=== Section Start ===

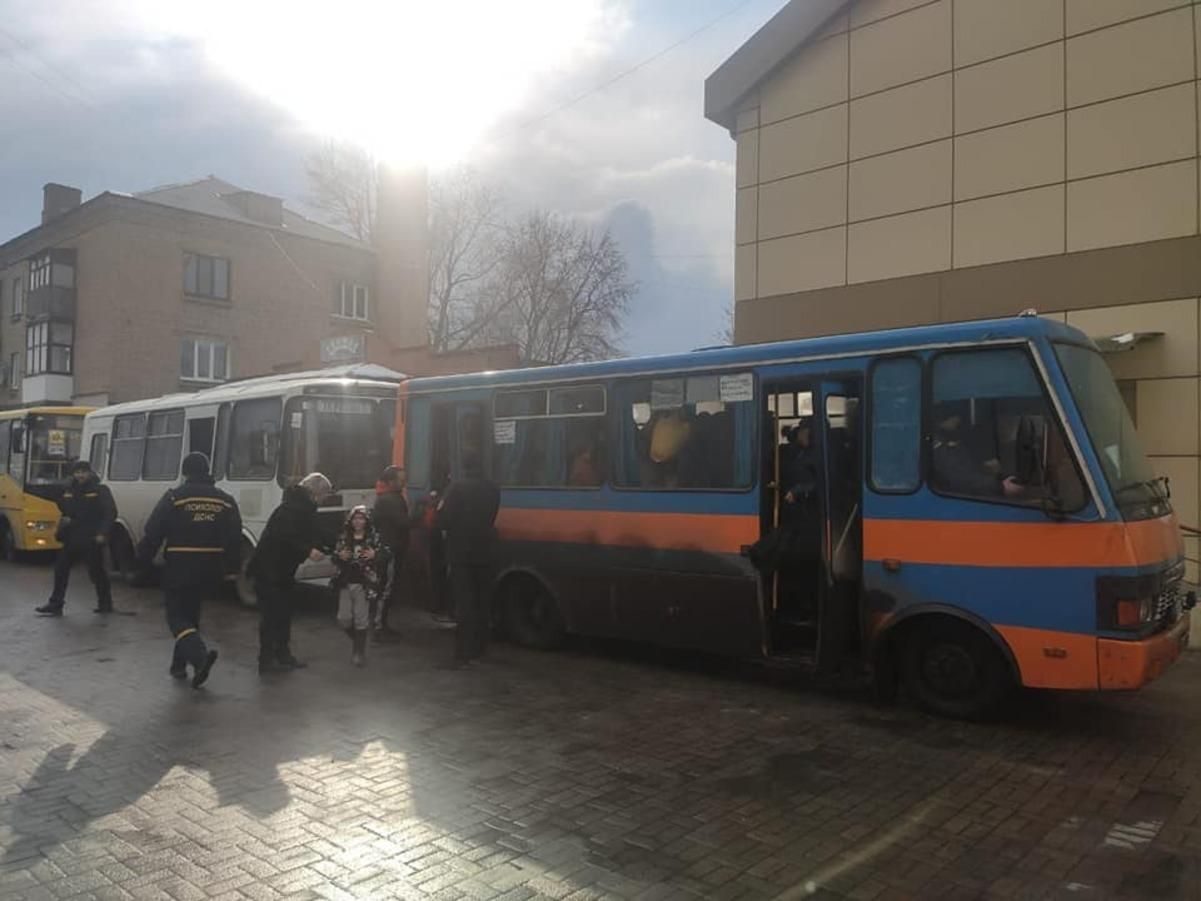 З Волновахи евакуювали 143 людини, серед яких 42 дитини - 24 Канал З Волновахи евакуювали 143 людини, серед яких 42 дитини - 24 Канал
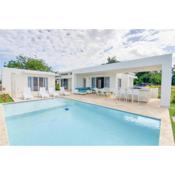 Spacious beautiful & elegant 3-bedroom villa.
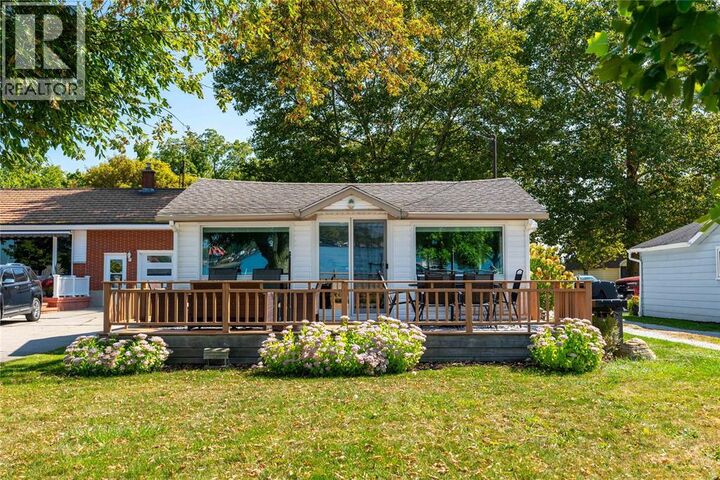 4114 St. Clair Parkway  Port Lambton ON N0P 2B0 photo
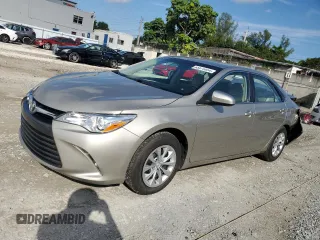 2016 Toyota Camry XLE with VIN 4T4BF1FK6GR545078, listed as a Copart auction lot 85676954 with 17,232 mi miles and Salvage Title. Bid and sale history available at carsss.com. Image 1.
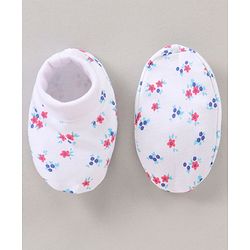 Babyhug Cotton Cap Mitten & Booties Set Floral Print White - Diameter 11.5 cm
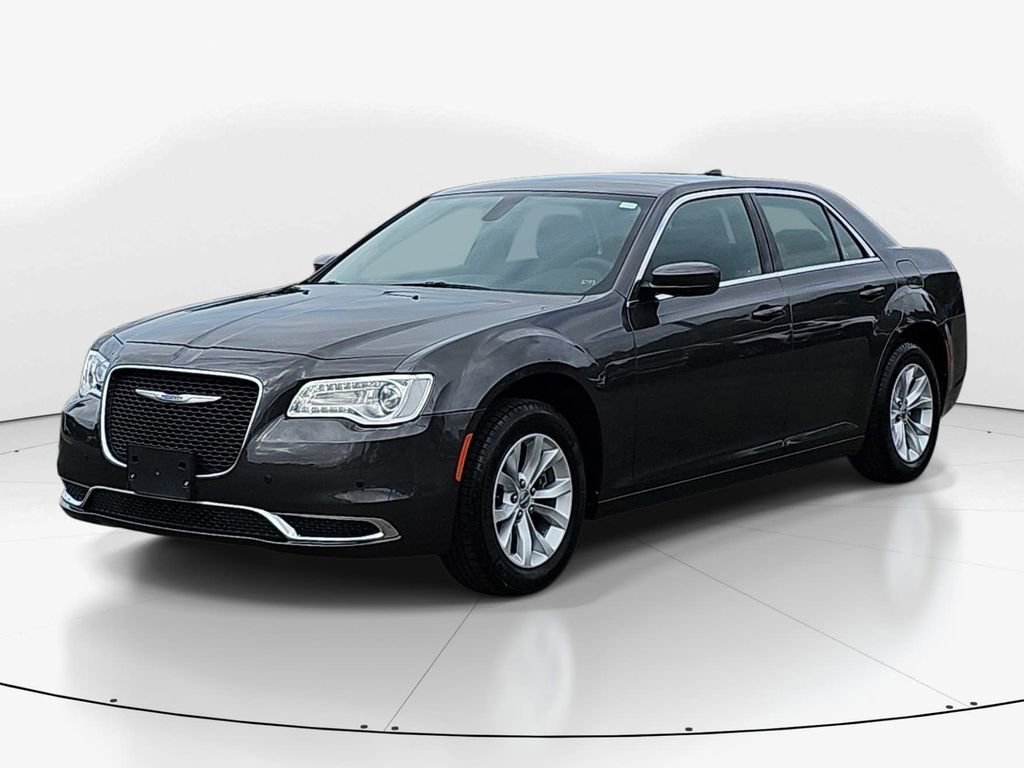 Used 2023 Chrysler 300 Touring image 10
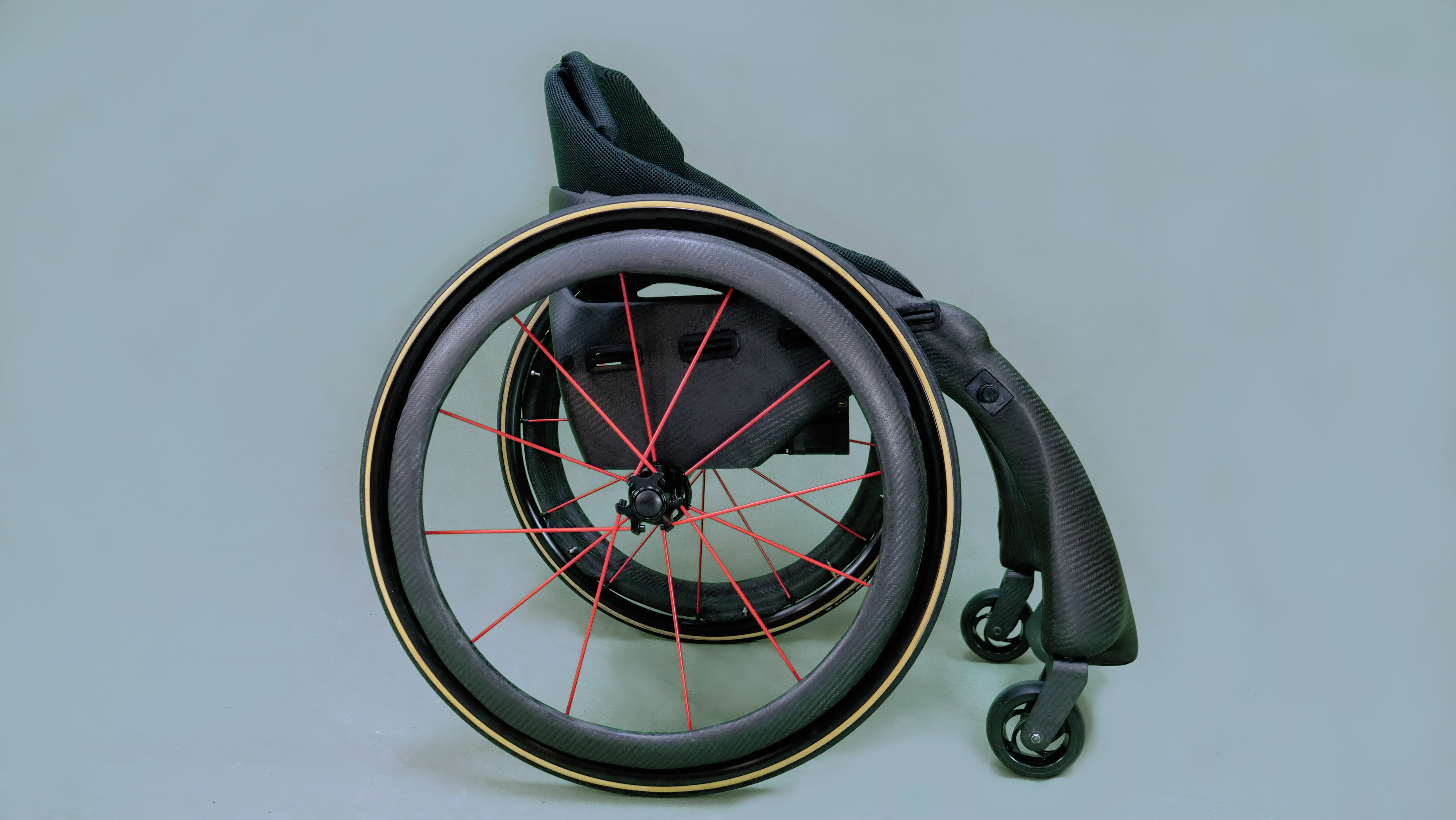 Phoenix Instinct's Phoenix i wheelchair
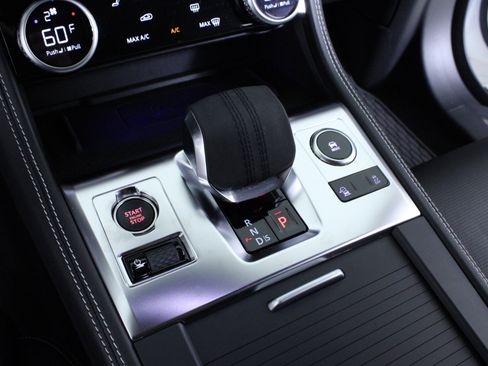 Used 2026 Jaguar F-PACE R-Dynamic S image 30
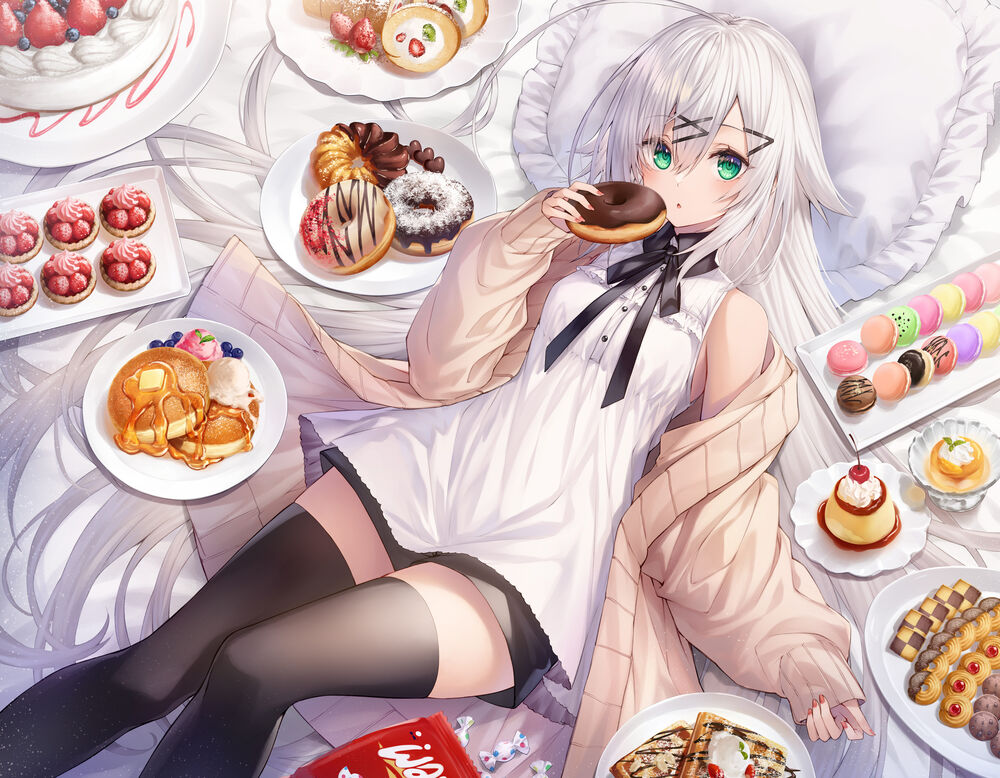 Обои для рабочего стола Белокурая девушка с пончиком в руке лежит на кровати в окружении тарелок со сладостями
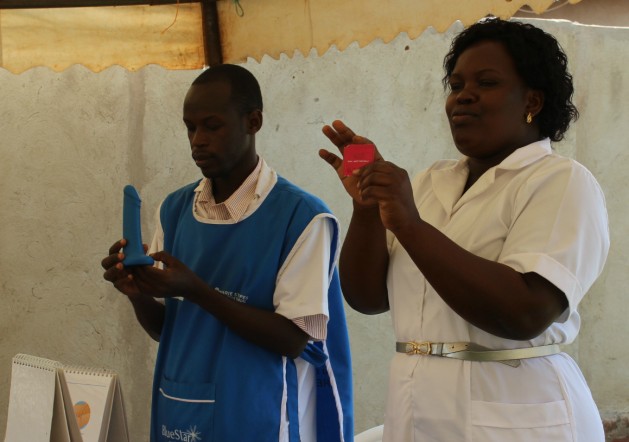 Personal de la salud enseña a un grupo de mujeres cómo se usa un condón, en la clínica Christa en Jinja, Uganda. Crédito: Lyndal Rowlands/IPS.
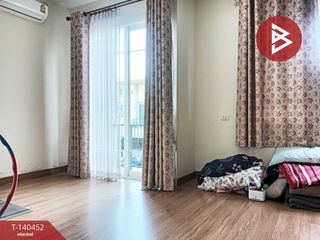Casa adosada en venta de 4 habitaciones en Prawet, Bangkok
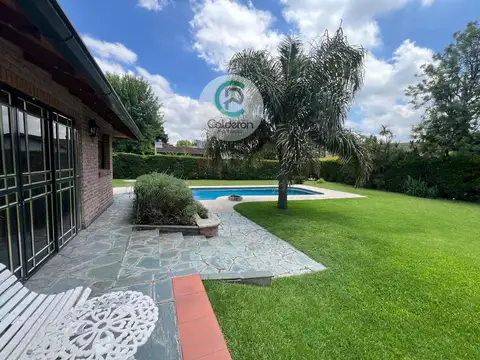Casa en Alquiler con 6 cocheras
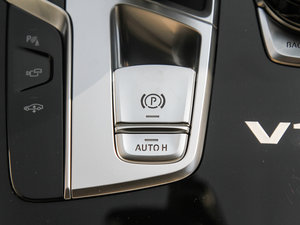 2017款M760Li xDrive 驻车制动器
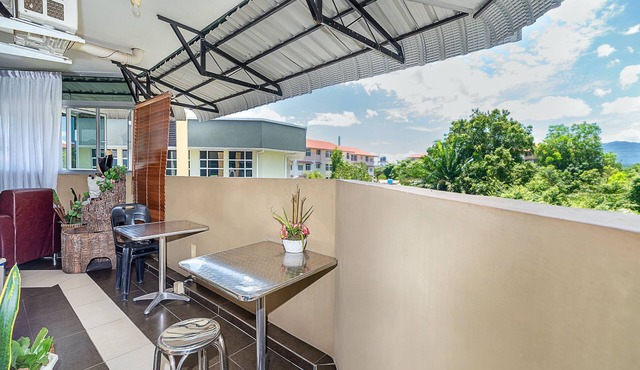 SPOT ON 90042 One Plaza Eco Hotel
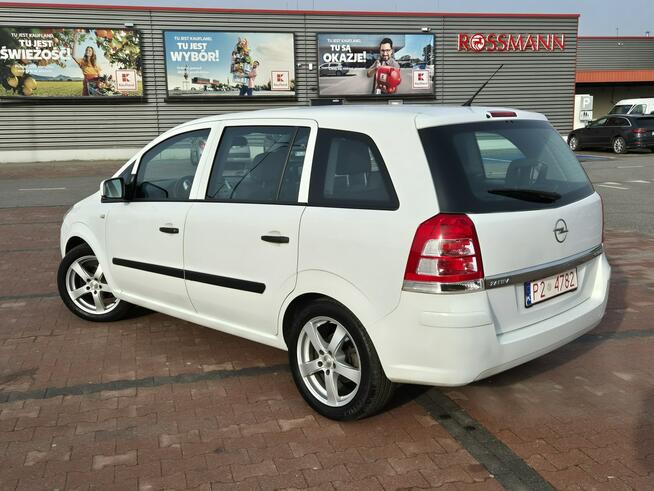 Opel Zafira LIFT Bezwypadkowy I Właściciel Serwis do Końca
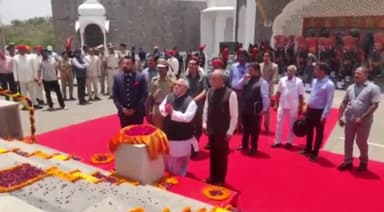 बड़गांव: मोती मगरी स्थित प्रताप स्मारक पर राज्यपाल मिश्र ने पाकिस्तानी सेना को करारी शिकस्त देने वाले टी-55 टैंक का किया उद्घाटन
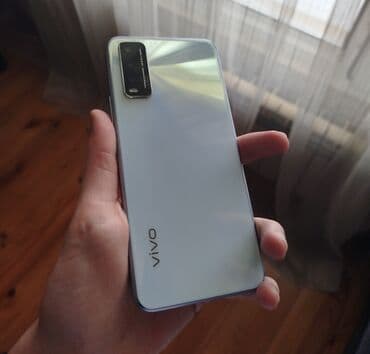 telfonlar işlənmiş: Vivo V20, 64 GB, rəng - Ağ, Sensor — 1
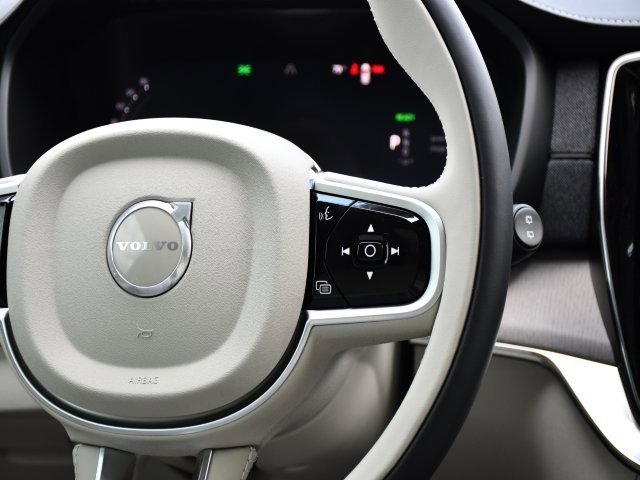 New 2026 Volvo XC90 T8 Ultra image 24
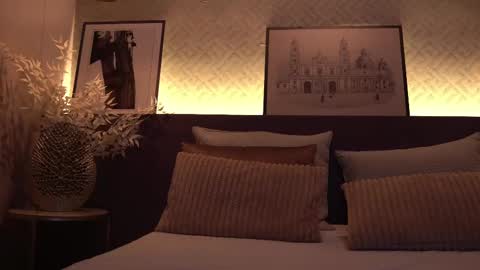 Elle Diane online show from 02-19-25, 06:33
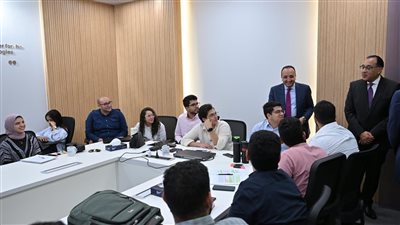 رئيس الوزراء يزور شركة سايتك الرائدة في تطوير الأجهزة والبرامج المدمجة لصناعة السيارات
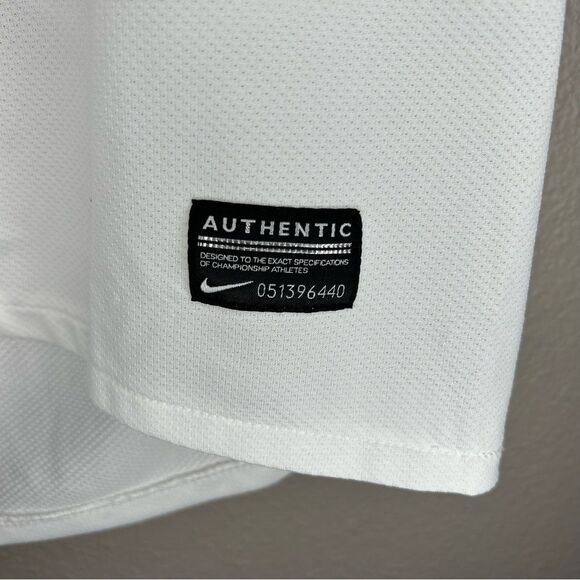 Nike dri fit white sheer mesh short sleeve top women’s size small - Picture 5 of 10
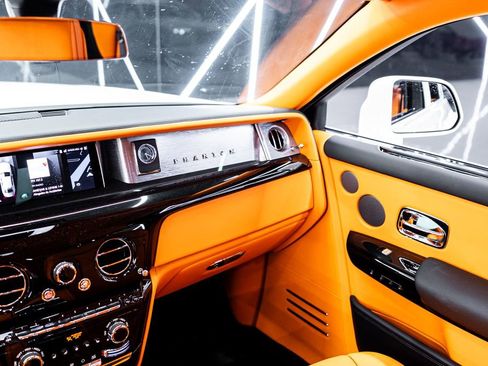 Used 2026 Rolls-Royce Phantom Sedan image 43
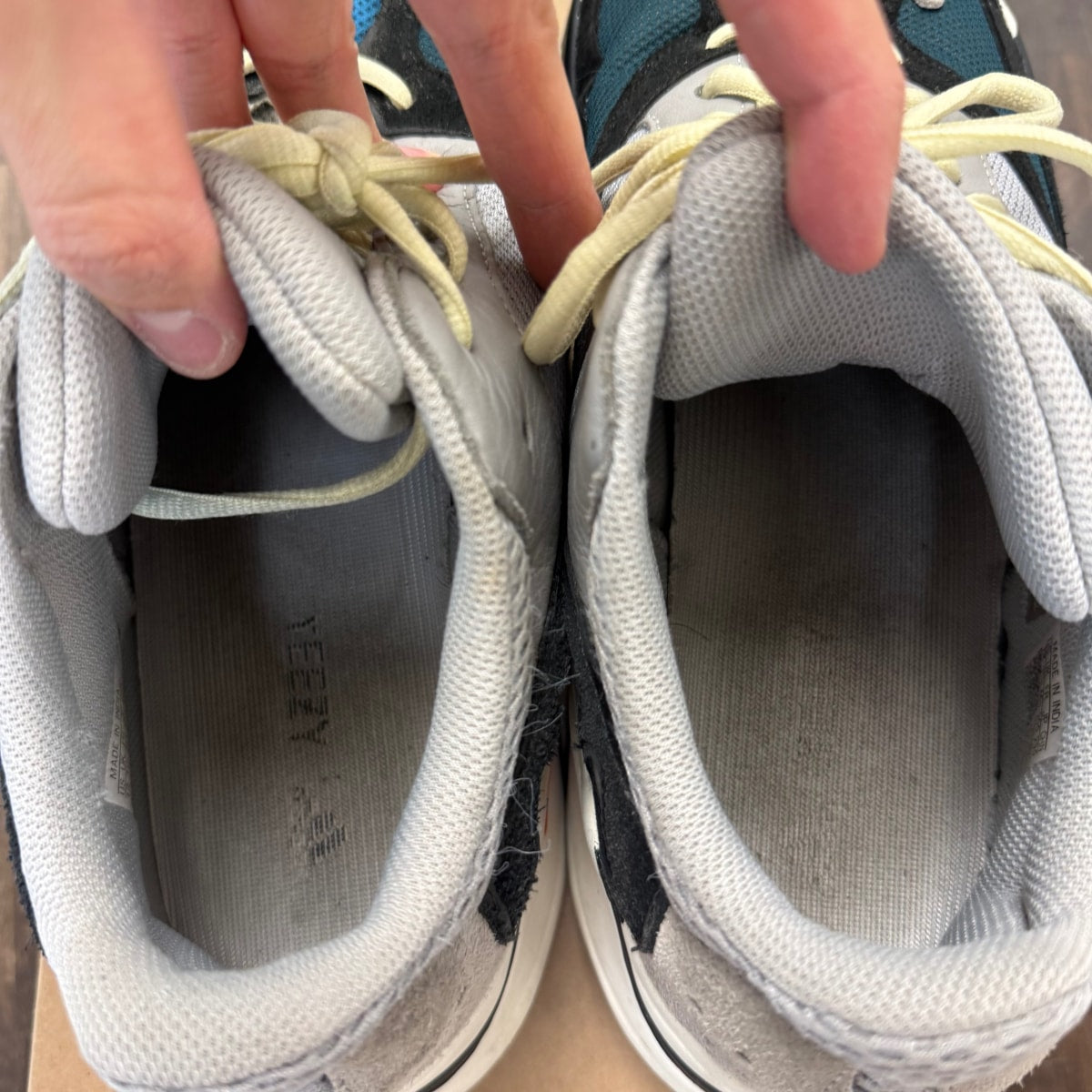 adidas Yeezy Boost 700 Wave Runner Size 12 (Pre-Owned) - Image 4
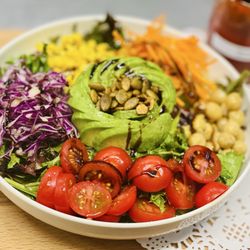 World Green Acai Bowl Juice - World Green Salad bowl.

=== Section End ===

Exercise directions ▸ Set down exactly the lines above, from the line containing "Used 2023 Chrysler 300 Touring image 10" through the line containing "Casa en Alquiler con 6 cocheras". Skip the pictures.

Written response ▸
 Used 2023 Chrysler 300 Touring image 10
 Phoenix Instinct's Phoenix i wheelchair
 Used 2026 Jaguar F-PACE R-Dynamic S image 30
 Обои для рабочего стола Белокурая девушка с пончиком в руке лежит на кровати в окружении тарелок со сладостями
 Personal de la salud enseña a un grupo de mujeres cómo se usa un condón, en la clínica Christa en Jinja, Uganda. Crédito: Lyndal Rowlands/IPS.
Casa adosada en venta de 4 habitaciones en Prawet, Bangkok
Casa en Alquiler con 6 cocheras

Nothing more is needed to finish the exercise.